*DATASET SECTION:*

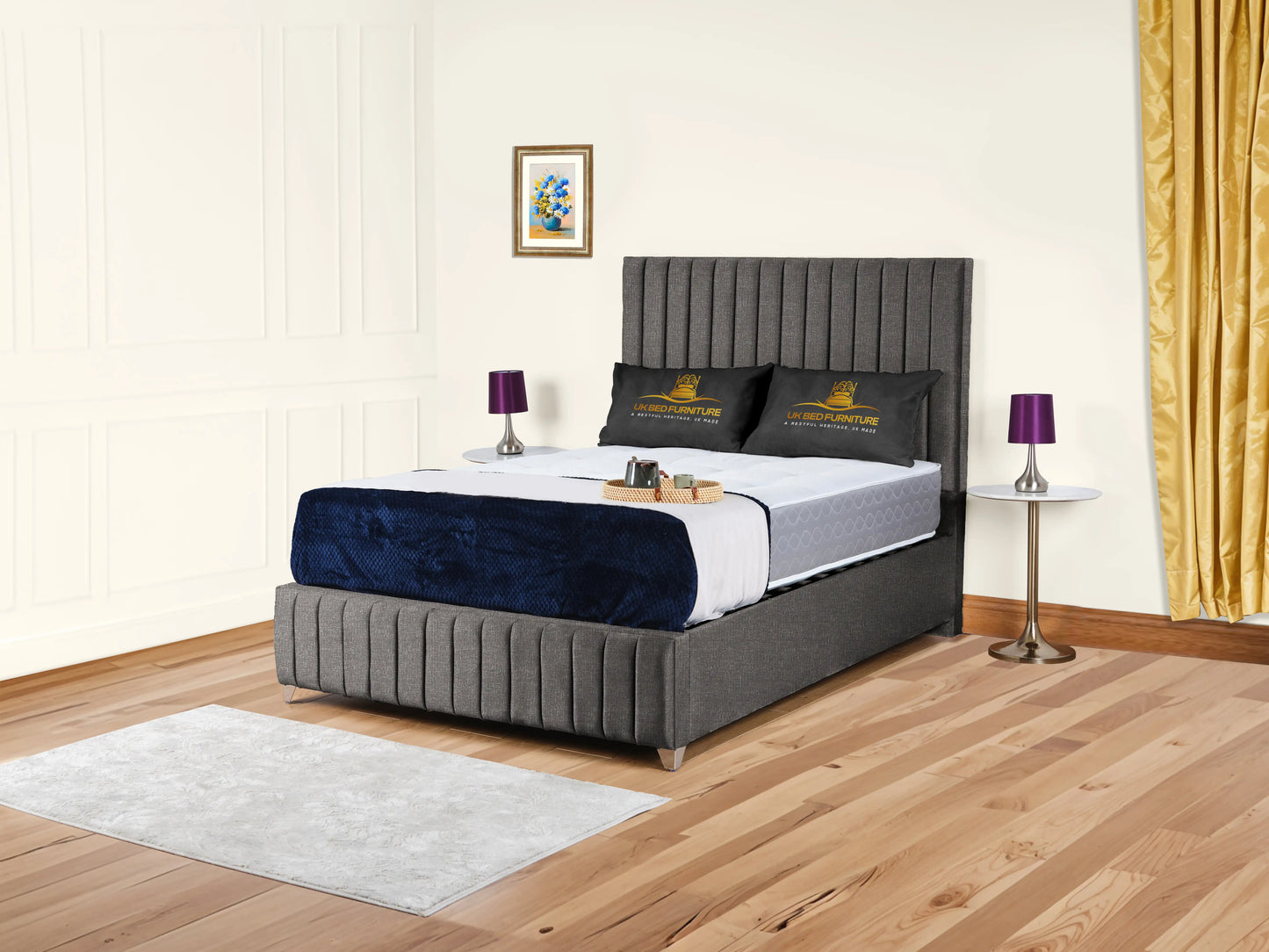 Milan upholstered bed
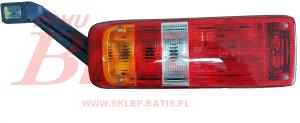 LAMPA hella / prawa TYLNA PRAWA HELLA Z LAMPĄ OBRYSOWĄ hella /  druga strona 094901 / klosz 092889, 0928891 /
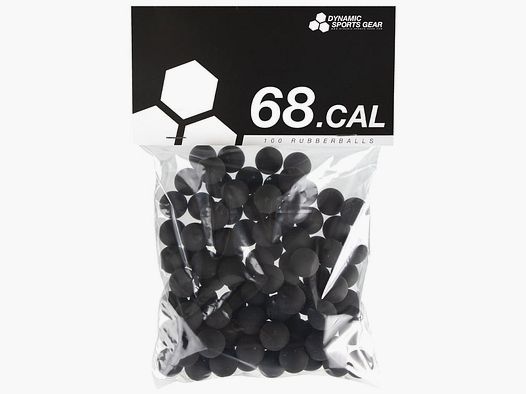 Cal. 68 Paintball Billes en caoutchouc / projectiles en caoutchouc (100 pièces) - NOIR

*YOUR TASK:*
Output the listing word for word. Drop the pictures.

*ANSWER SPACE:*
 Milan upholstered bed
 LAMPA hella / prawa TYLNA PRAWA HELLA Z LAMPĄ OBRYSOWĄ hella /  druga strona 094901 / klosz 092889, 0928891 /
 Cal. 68 Paintball Billes en caoutchouc / projectiles en caoutchouc (100 pièces) - NOIR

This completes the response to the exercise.